* WHAT TO WORK ON
Down to the last character, repeat the data that follows.

== AVAILABLE DATA

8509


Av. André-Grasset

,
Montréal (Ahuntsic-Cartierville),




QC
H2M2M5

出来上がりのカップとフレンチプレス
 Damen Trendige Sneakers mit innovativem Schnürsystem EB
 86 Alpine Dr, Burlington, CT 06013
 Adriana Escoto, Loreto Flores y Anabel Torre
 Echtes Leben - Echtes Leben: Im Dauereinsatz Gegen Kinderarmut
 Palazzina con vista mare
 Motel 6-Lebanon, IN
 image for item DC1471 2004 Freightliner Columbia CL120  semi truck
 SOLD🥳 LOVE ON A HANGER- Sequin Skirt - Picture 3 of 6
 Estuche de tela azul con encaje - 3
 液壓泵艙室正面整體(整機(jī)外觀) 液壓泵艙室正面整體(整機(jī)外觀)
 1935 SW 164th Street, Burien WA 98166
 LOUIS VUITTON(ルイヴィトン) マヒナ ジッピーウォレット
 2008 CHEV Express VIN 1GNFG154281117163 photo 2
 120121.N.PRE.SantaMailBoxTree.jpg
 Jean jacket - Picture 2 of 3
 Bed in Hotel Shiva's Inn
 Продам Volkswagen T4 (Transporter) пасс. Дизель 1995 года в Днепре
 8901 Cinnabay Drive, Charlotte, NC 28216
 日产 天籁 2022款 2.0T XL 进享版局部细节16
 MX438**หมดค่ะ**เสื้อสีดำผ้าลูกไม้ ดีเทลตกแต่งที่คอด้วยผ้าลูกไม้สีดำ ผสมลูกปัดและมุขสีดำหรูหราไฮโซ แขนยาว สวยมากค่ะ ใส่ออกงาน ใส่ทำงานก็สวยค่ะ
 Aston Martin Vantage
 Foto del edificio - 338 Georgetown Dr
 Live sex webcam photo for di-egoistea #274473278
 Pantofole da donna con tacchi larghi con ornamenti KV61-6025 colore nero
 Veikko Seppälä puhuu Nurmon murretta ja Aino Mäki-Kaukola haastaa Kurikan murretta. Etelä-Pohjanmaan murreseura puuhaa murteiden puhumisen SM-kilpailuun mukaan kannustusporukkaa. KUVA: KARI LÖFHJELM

====

* COMPLETED EXERCISE
8509


Av. André-Grasset

,
Montréal (Ahuntsic-Cartierville),




QC
H2M2M5

出来上がりのカップとフレンチプレス
 Damen Trendige Sneakers mit innovativem Schnürsystem EB
 86 Alpine Dr, Burlington, CT 06013
 Adriana Escoto, Loreto Flores y Anabel Torre
 Echtes Leben - Echtes Leben: Im Dauereinsatz Gegen Kinderarmut
 Palazzina con vista mare
 Motel 6-Lebanon, IN
 image for item DC1471 2004 Freightliner Columbia CL120  semi truck
 SOLD🥳 LOVE ON A HANGER- Sequin Skirt - Picture 3 of 6
 Estuche de tela azul con encaje - 3
 液壓泵艙室正面整體(整機(jī)外觀) 液壓泵艙室正面整體(整機(jī)外觀)
 1935 SW 164th Street, Burien WA 98166
 LOUIS VUITTON(ルイヴィトン) マヒナ ジッピーウォレット
 2008 CHEV Express VIN 1GNFG154281117163 photo 2
 120121.N.PRE.SantaMailBoxTree.jpg
 Jean jacket - Picture 2 of 3
 Bed in Hotel Shiva's Inn
 Продам Volkswagen T4 (Transporter) пасс. Дизель 1995 года в Днепре
 8901 Cinnabay Drive, Charlotte, NC 28216
 日产 天籁 2022款 2.0T XL 进享版局部细节16
 MX438**หมดค่ะ**เสื้อสีดำผ้าลูกไม้ ดีเทลตกแต่งที่คอด้วยผ้าลูกไม้สีดำ ผสมลูกปัดและมุขสีดำหรูหราไฮโซ แขนยาว สวยมากค่ะ ใส่ออกงาน ใส่ทำงานก็สวยค่ะ
 Aston Martin Vantage
 Foto del edificio - 338 Georgetown Dr
 Live sex webcam photo for di-egoistea #274473278
 Pantofole da donna con tacchi larghi con ornamenti KV61-6025 colore nero
 Veikko Seppälä puhuu Nurmon murretta ja Aino Mäki-Kaukola haastaa Kurikan murretta. Etelä-Pohjanmaan murreseura puuhaa murteiden puhumisen SM-kilpailuun mukaan kannustusporukkaa. KUVA: KARI LÖFHJELM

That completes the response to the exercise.